▸ **Your assignment**: Faithfully repeat each entry below, minus the pictures.

--- Records shown Enclosed Below ---

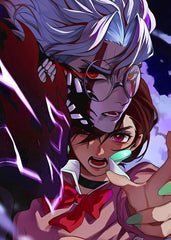 Ken Takakura and Momo Ayase, Dandadan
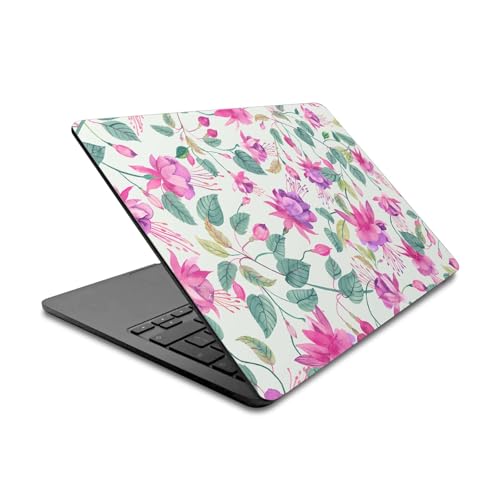 Autocollant peau MacBook Air 13.6 ultra-fin et résistant motif Ninola Jungle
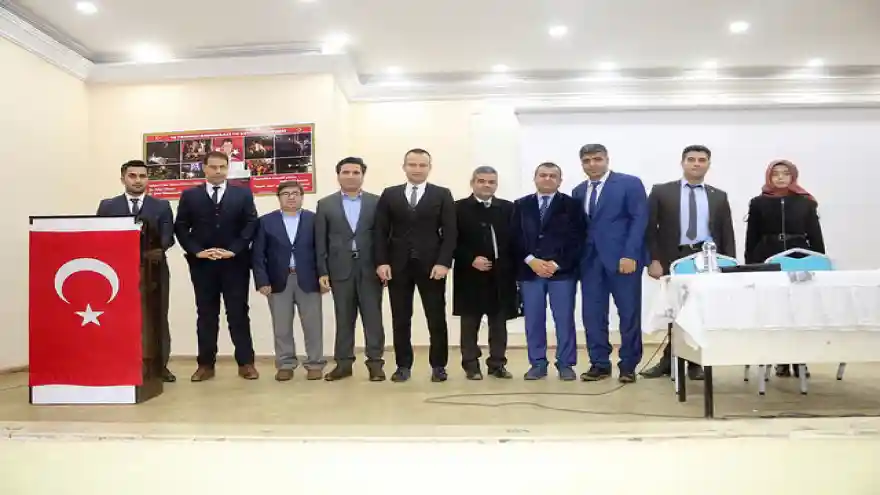 DOĞUBAYAZIT'TA 2023 YILI TÜRKİYE'NİN EĞİTİM VİZYONU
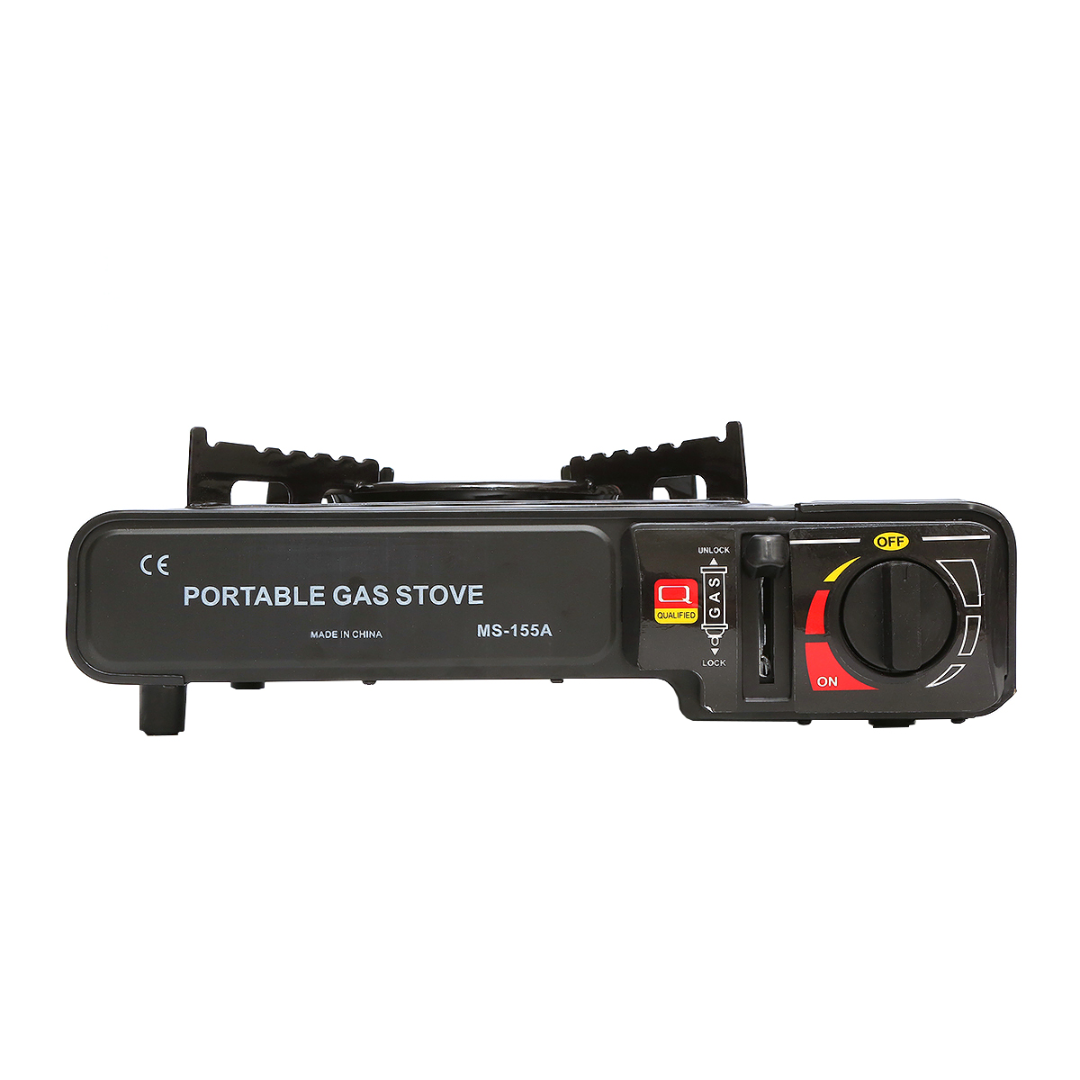 Estufa Portátil de Gas Butano Negro FS-155-A Estufa Butano. Selecto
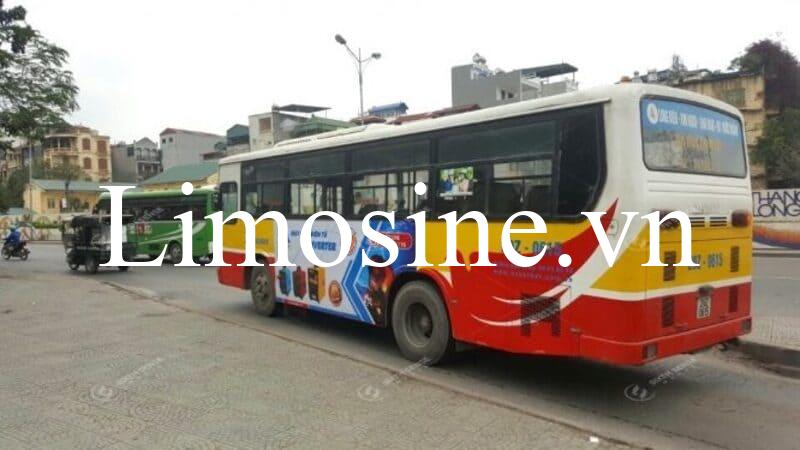 Top 9 Tuyến xe bus xe buýt Hòa Bình đi trong tỉnh và ngoài tỉnh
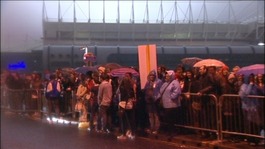 Extra bus services st Coldplay concert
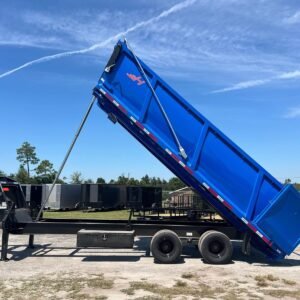 2025 Horizon Trailers HZH 96″x20′ 20k 4′ Sides Gooseneck Dump Trailer, 2025 dump trailer for sale at AnchorBox (view 3)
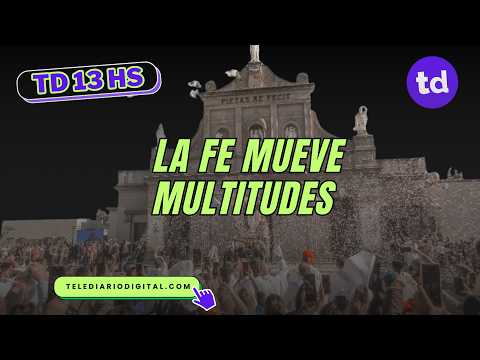 🙏 Multitudinaria peregrinación en Sampacho: miles de fieles acompañaron a la Virgen de la Consolata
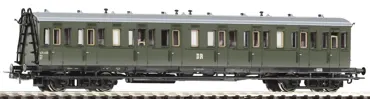 Abteilwagen B4p 2. Klasse DR III ohne Bremserhaus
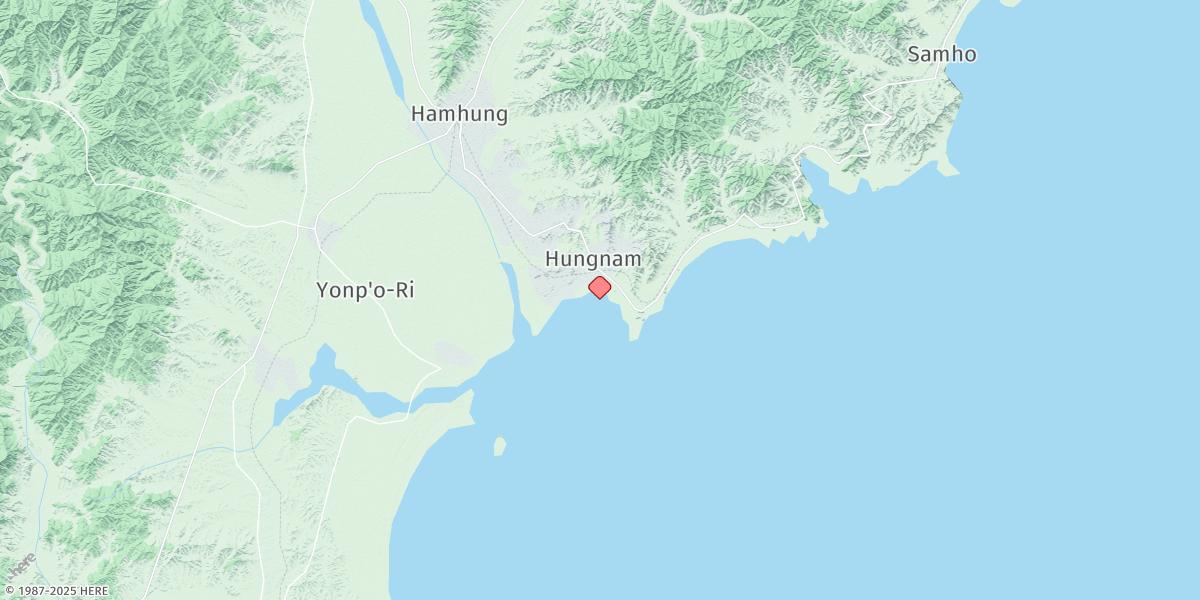 Map of Seohojin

--- End of Enclosed Records shown ---

▸ **Your solution**:
 Ken Takakura and Momo Ayase, Dandadan
 Autocollant peau MacBook Air 13.6 ultra-fin et résistant motif Ninola Jungle
 DOĞUBAYAZIT'TA 2023 YILI TÜRKİYE'NİN EĞİTİM VİZYONU
 Estufa Portátil de Gas Butano Negro FS-155-A Estufa Butano. Selecto
 Top 9 Tuyến xe bus xe buýt Hòa Bình đi trong tỉnh và ngoài tỉnh
 Extra bus services st Coldplay concert
 2025 Horizon Trailers HZH 96″x20′ 20k 4′ Sides Gooseneck Dump Trailer, 2025 dump trailer for sale at AnchorBox (view 3)
 🙏 Multitudinaria peregrinación en Sampacho: miles de fieles acompañaron a la Virgen de la Consolata
 Abteilwagen B4p 2. Klasse DR III ohne Bremserhaus
 Map of Seohojin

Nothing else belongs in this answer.